One irradiates sometimes the tumor to kill the cancer cells, before or after surgical operation. The Radiothérapie can be associated with a chemotherapy which sensitizes the tumor with the effect Létal of the rays. The radiotherapy is generally used for cancers of the rectum, sometimes into preoperative. In cancers of the colon, it can be useful if cancer cannot be réséqué entirely because of an invasion (uretère, vessels iliaques).

Nutritional support

Any résection of a cancer of the colon can involve diarrheas, sometimes invalidating. In the same way, chemotherapies used often cause an acceleration of the transit. The patients thus see themselves proposing a mode without more or less restrictive residue: to avoid eating crudenesses, vegetables rich in fibers or sauce meats can improve comfort of life. In the same way digestive thickeners Smecta type or speed reducers of the standard transit Lopéramide can help.

Psychological support

See the article Cancer > Psychological support.

Therapeutic strategy

Cancer of the colon localized

Cancer of the colon or the metastatic rectum from the start

Cancer of the colon or the rectum secondarily metastatic

Colorectal cancer prevention

The majority of cancers of the colon and the rectum could be avoided by an heightened surveillance, a suitable lifestyle and, probably also, the oral catch of products of Chimioprévention.
  1. Monitoring: the majority of colorectaux cancers are born in Polype S (or adenomata). These lesions can be detected and removed at the time of a coloscopy. Studies show that this procedure could decrease by 80% the risk of died by intestinal cancer if one began the examinations around 45 years, then all the 5 or 10 years.
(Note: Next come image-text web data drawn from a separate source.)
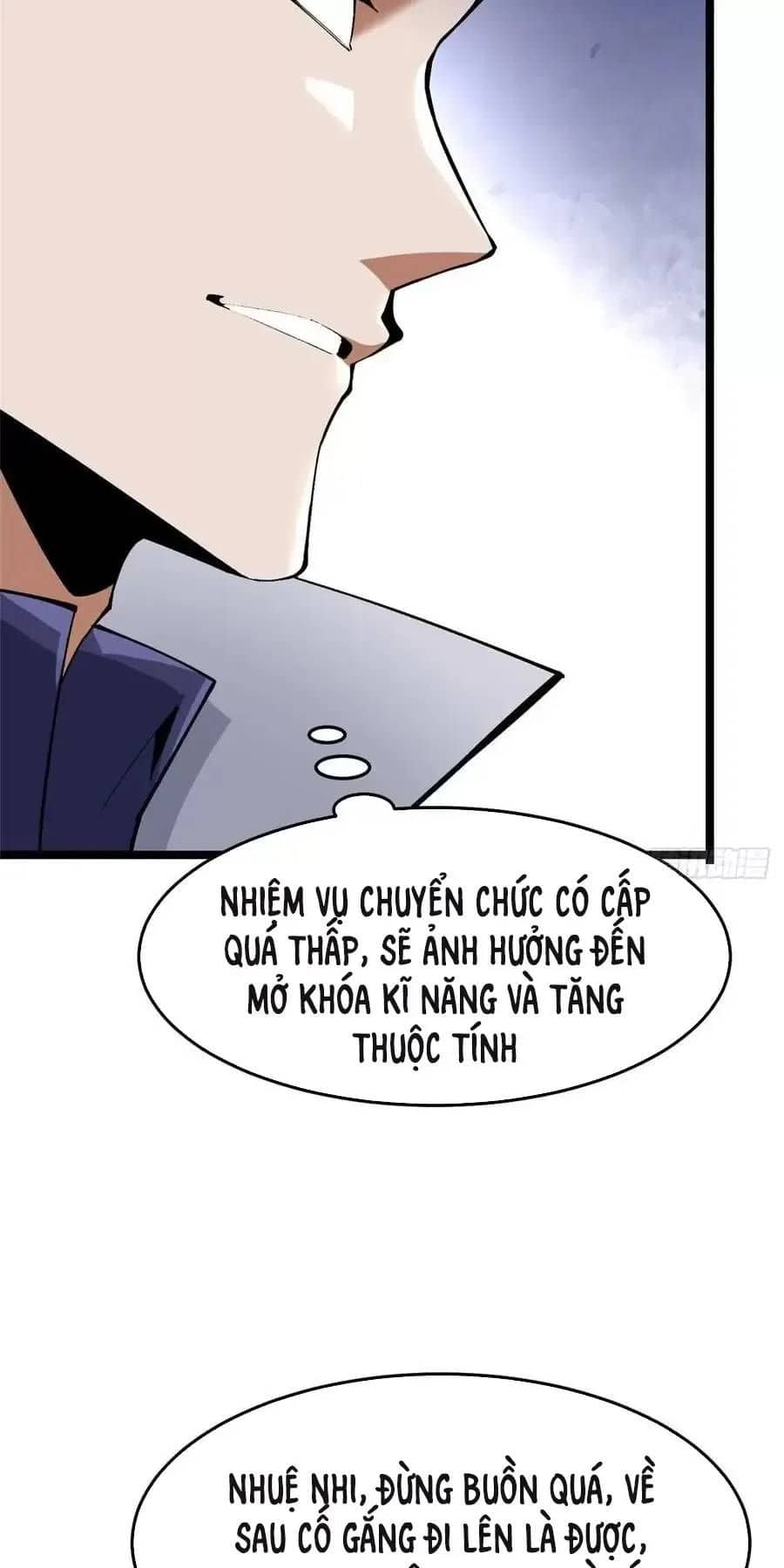 Ta Thật Không Muốn Học Cấm Chú - Chương 15 - ảnh 76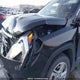 3GKALTEV0JL308733 2018 GMC Terrain Sle auction photo thumbnail 12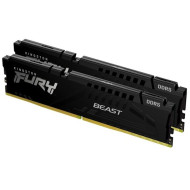 KINGSTON DESKTOP 2X16GB DDR5 5200MHZ KIT HEAT_SINK 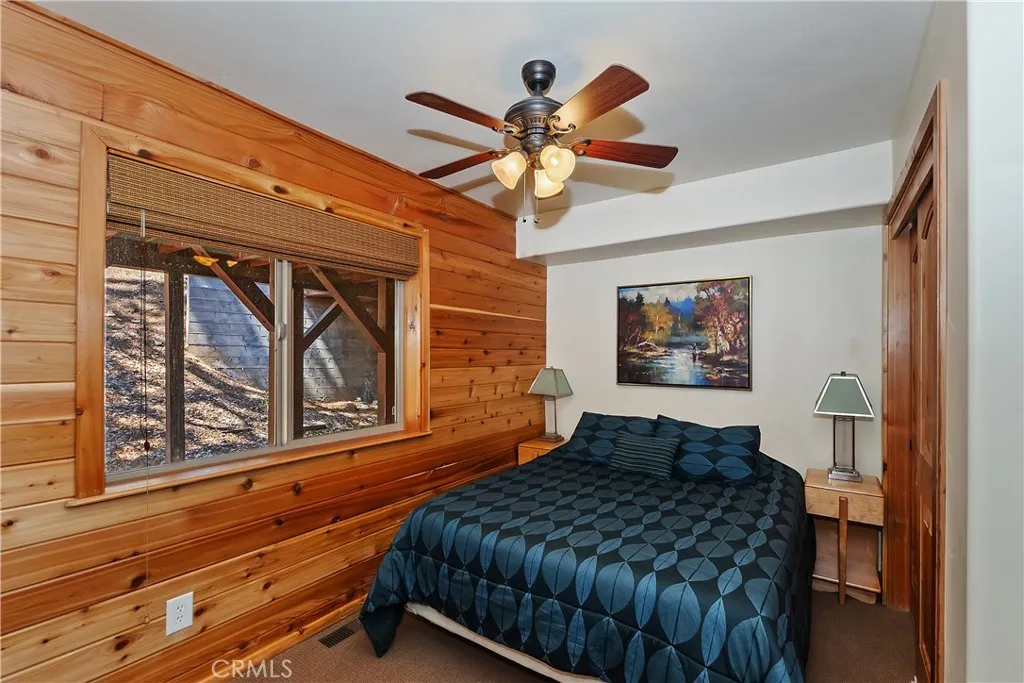 43336 Shasta Road, Big Bear Lake, California 92315 home-pic-16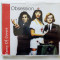 #CD Army Of Lovers &ndash; Obsession, Germany 1991, Downtempo, Electro House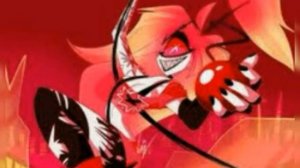 Энджел Даст и Черри Бомб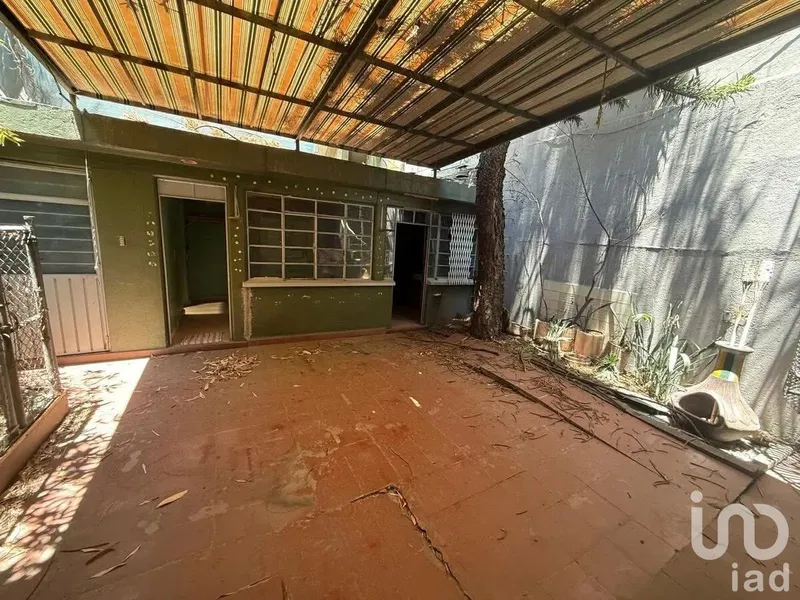 Foto 3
  2. Lifestyle: the comparison of the incidence of cancer colorectal in various areas of the world suggests that sedentariness, the excess of introduced calories and perhaps also a mode too rich in red Meat and Charcuterie S, could increase the cancer risk. Conversely, the Physical-activity and a mode rich in Fruit S and Vegetable S, would cause a drop in the cancer risk, probably because the plants contain protective micronutriments. By changing his lifestyle, one could thus decrease the cancer risk from 60 to 80%. In addition, a food supporting the fruit and vegetables, fish and the poultries, could decrease the risk of repetition and the mortality of cancer.
  1. Chimioprévention : more than 200 products, in particular the micronutriments quoted above, as well as other nutrients like the Calcium or the Folic acid (a Vitamin B), and drugs as the Aspirine inhibit carcinogenesis in models preclinic (in the animal). In certain studies, one completely inhibits the tumors induced chemically in the colon of the rats. Other studies show the important inhibition of the spontaneous intestinal polyps in transferred mice (Min mouse). The clinical trials of chimioprévention at human volunteers had less success, but few products were tested to date. Supplements of calcium or aspirine given each day during 3 to 5 years after the removal of a polyp, decreased the reappearance of the polyps at the volunteers (from 15 to 20%). The database of chimioprévention of the INRA gives the results of all the studies published on the agents of chimioprévention at the man and the rodents.